R: Fit a centered autologistic model using maximum...
autologistic
R Documentation
Fit a centered autologistic model using maximum pseudolikelihood estimation or MCMC for Bayesian inference.
Description
Fit a centered autologistic model using maximum pseudolikelihood estimation or MCMC for Bayesian inference.
Usage
autologistic(formula, data, A, method = c("PL", "Bayes"), model = TRUE,
x = FALSE, y = FALSE, verbose = FALSE, control = list())
Arguments
formula
an object of class formula: a symbolic description of the model to be fitted.
data
an optional data frame, list, or environment (or object coercible by as.data.frame to a data frame) containing the variables in the model. If not found in data, the variables are taken from environment(formula), typically the environment from which autologistic is called.
A
the adjacency matrix for the underlying graph.
method
the method to use for inference. “PL” (the default) enables maximum pseudolikelihood estimation, and “Bayes” enables Bayesian inference.
control
a list of the following control parameters.
confint
(PL) the method for computing confidence intervals. The possible values are “sandwich” (the default), “bootstrap”, and “none”.
sigma
(Bayes) the common standard deviation for β's prior distribution. Defaults to 1,000.
eta.max
(Bayes) the right endpoint for η's prior distribution. Defaults to 2.
bootit
(PL) the size of the bootstrap sample. This applies when confint is “sandwich” or “bootstrap”, since samples from the fitted model are needed in both cases. Defaults to 1,000.
trainit
(Bayes) the length of the training run. Defaults to 100,000.
minit
(Bayes) the minimum number of posterior samples. Defaults to 100,000.
maxit
(Bayes) the maximum number of posterior samples. Defaults to 1,000,000.
tol
(Bayes) the tolerance. Defaults to 0.01.
parallel
(PL) a logical value indicating whether to parallelize the bootstrap. This defaults to TRUE if the snow package is installed.
type
(PL) the cluster type, one of “SOCK” (default), “PVM”, “MPI”, or “NWS”.
nodes
(PL) the number of slave nodes to create.
model
a logical value indicating whether the model frame should be included as a component of the returned value.
x
a logical value indicating whether the model matrix used in the fitting process should be returned as a component of the returned value.
y
a logical value indicating whether the response vector used in the fitting process should be returned as a component of the returned value.
verbose
a logical value indicating whether to print various messages to the screen, including progress updates when method is “Bayes”. Defaults to FALSE.
Details
This function fits the centered autologistic model of Caragea and Kaiser (2009) using maximum pseudolikelihood estimation or MCMC for Bayesian inference.

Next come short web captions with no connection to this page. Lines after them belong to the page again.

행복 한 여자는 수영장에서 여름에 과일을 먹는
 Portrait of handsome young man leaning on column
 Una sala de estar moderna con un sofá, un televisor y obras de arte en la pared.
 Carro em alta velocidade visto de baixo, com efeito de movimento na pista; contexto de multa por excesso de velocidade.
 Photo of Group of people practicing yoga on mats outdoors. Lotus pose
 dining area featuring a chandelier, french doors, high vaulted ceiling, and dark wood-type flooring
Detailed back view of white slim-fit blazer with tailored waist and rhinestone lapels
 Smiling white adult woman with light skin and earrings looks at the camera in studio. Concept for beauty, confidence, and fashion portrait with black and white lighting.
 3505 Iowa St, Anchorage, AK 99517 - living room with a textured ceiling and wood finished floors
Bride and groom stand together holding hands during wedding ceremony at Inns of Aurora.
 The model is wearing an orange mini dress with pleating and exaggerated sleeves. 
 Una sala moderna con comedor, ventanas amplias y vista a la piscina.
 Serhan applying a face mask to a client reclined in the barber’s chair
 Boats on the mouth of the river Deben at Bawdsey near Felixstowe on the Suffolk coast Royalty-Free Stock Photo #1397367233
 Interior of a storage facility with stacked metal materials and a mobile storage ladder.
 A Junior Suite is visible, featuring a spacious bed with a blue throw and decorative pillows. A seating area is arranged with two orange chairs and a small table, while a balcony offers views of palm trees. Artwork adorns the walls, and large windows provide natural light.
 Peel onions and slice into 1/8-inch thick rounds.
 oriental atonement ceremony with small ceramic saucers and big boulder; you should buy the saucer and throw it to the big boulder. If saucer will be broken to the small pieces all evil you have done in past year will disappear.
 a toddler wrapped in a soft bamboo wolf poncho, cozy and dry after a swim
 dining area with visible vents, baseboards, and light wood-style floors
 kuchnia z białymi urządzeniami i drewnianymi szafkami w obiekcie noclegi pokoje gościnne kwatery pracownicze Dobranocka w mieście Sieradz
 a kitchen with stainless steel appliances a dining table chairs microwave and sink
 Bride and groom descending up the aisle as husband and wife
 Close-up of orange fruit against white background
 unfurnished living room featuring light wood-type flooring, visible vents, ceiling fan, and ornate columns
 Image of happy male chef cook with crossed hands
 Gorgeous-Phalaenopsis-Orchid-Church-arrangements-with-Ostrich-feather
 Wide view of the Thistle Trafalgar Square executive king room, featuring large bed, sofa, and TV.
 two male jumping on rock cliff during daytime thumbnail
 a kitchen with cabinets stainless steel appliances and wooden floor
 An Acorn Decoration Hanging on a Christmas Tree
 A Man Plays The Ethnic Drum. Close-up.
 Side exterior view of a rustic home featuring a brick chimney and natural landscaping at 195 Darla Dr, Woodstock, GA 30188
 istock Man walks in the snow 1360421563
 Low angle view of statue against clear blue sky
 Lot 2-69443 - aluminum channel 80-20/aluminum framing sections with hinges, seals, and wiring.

The joint distribution for the centered autologistic model is
π(Z | θ)=c(θ)^{-1} exp(Z'Xβ - η Z'Aμ + 0.5 η Z'AZ),
where θ = (β', η)' is the parameter vector, c(θ) is an intractable normalizing function, Z is the response vector, X is the design matrix,
β is a (p-1)-vector of regression coefficients, A is the adjacency matrix for the underlying graph, μ is the vector of independence expectations,
and η is the spatial dependence parameter.
Maximum pseudolikelihood estimation sidesteps the intractability of c(θ) by maximizing the product of the conditional likelihoods.
Confidence intervals are then obtained using a parametric bootstrap or a normal approximation, i.e., sandwich estimation. The bootstrap datasets are generated by perfect sampling (rautologistic).
The bootstrap samples can be generated in parallel using the snow package.
Bayesian inference is obtained using the auxiliary variable algorithm of Moller et al. (2006).
The auxiliary variables are generated by perfect sampling.
The prior distributions are (1) zero-mean normal with independent coordinates for β, and (2) uniform for η.
The common standard deviation for the normal prior can be supplied by the user as control parameter sigma. The default is 1,000. The uniform prior has support [0, 2] by default, but the right endpoint can be supplied (as control parameter eta.max) by the user.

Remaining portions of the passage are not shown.